Journey to Mozart
Works by Mozart, Gluck, Haydn, Mysliveček and Salomon
Zurich Chamber Orchestra/Daniel Hope (violin)
DG 479 8376
‘Journey to Mozart’, the latest of Daniel Hope’s theme-driven compilation albums, places at its centre Mozart’s Third Violin Concerto, K216, and his single- movement Adagio, K261. Haydn’s G major Violin Concerto is the only other complete offering: among the single movements dotted around these main items are excerpts from the Paris version of Gluck’s opera Orfeo ed Euridice (the ‘Dance of the Furies’ and a schmaltzy violin-solo adaptation of the ‘Blessed Spirits’ ballet), short concertante movements by Mysliveček and Salomon, rather purposeless in context, and a boisterous arrangement of the ‘Alla turca’ Rondo from Mozart’s K331 piano sonata as finale.

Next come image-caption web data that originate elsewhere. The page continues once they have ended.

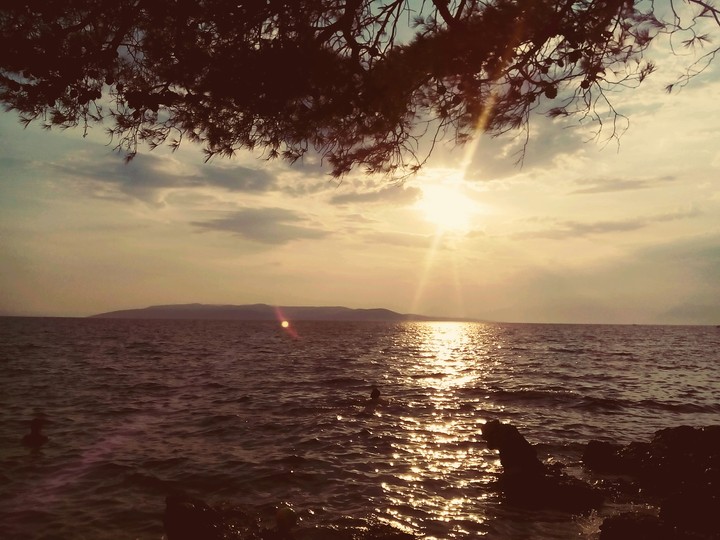 sea sun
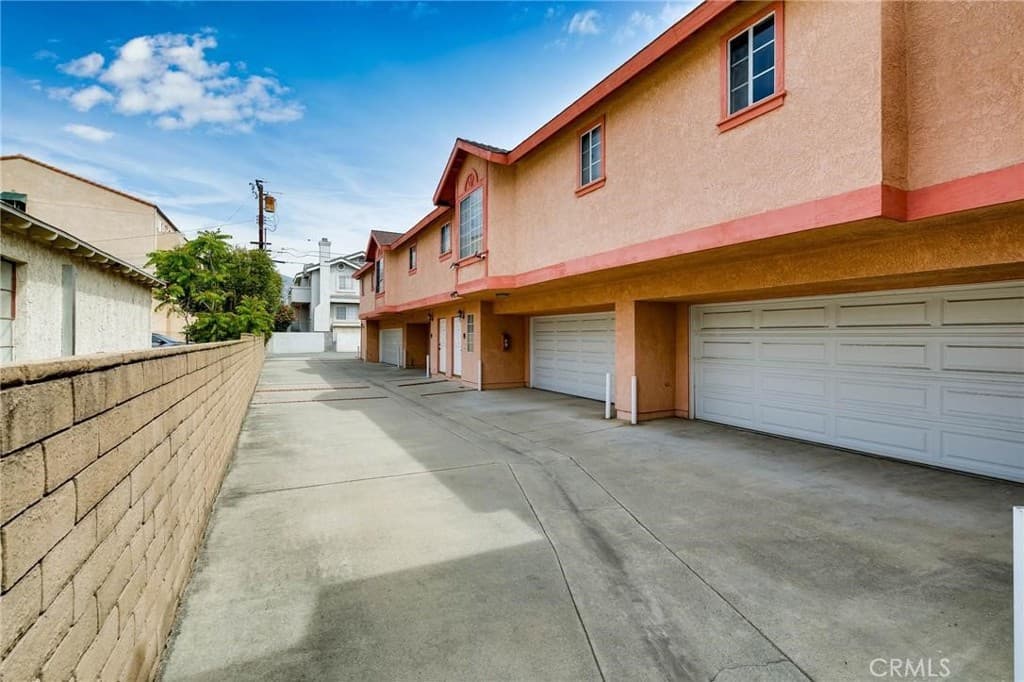 Multi-Family at 113 Diamond, Arcadia — photo 4 of 12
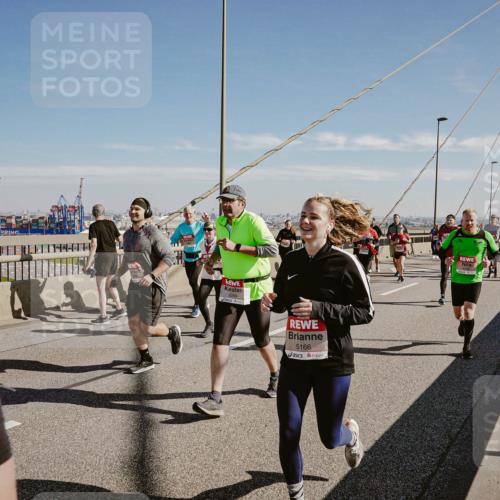 03.10.2025 - Köhlbrandbrückenlauf Michael Burmester http://msf.ph/oto/9038556 03.10.2025 12:31:16 Position 1 6209, 5166 meine-sportfotos.de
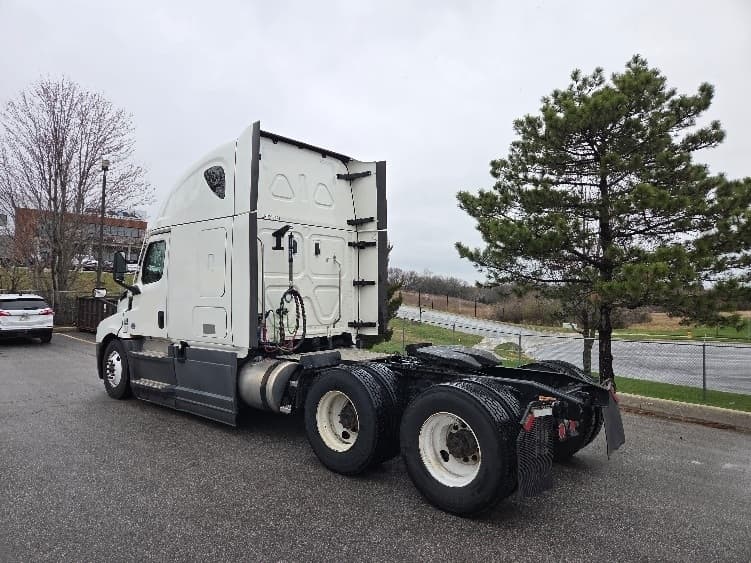 2023 Freightliner Cascadia — photo 5
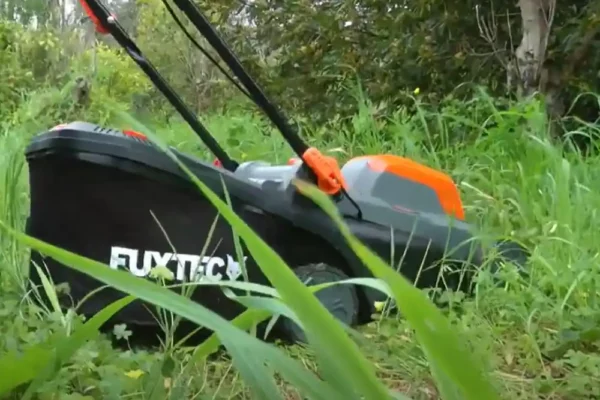 Test de la tondeuse à batterie FUXTEC FX-E1RM20, à savoir avant d’acheter.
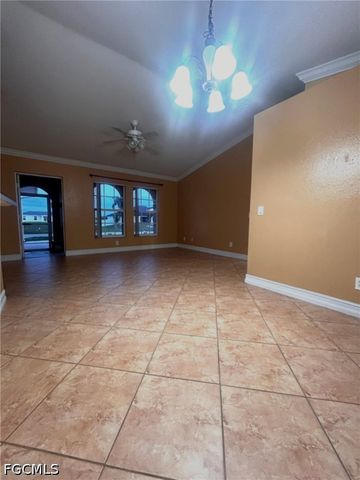 1045 NE 40th TER, Cape Coral, FL 33909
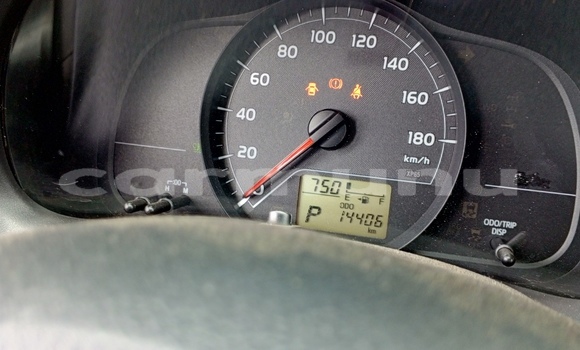 Acheter Occasion Voiture Toyota Yaris Rouge à Pointe–Noire, Région du Kouilou Acheter Occasion Voiture Toyota Yaris Rouge à Pointe–Noire, Région du Kouilou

It’s both a highly personal selection and a rather puzzling one, the rationale of which – if indeed any such can be deduced from Hope’s own short written introduction and the fulsome booklet essay – seems to be to underline Mozart’s effortless artistic superiority in the chosen company. To me, although the partnership of Hope and the Zurich Chamber Orchestra (of which he is now music director) achieves uniformly vibrant and vigorous results, the full sequence emerges at once bitty, random and strangely uneven in interpretative approach.
In the Mozart Concerto, for instance, I soon found myself longing for less show-off insistence on varying tone and attack, greater simplicity of phrasing. By contrast, the account of the Haydn, a work patronised by the note-writer as old- fashioned by Mozart’s side, seems less fussy and to me, therefore, much more satisfying. Hope’s brilliance as a soloist does comes across assertively throughout this ‘Journey’, which for his many admirers will surely prove sufficient to sustain interest.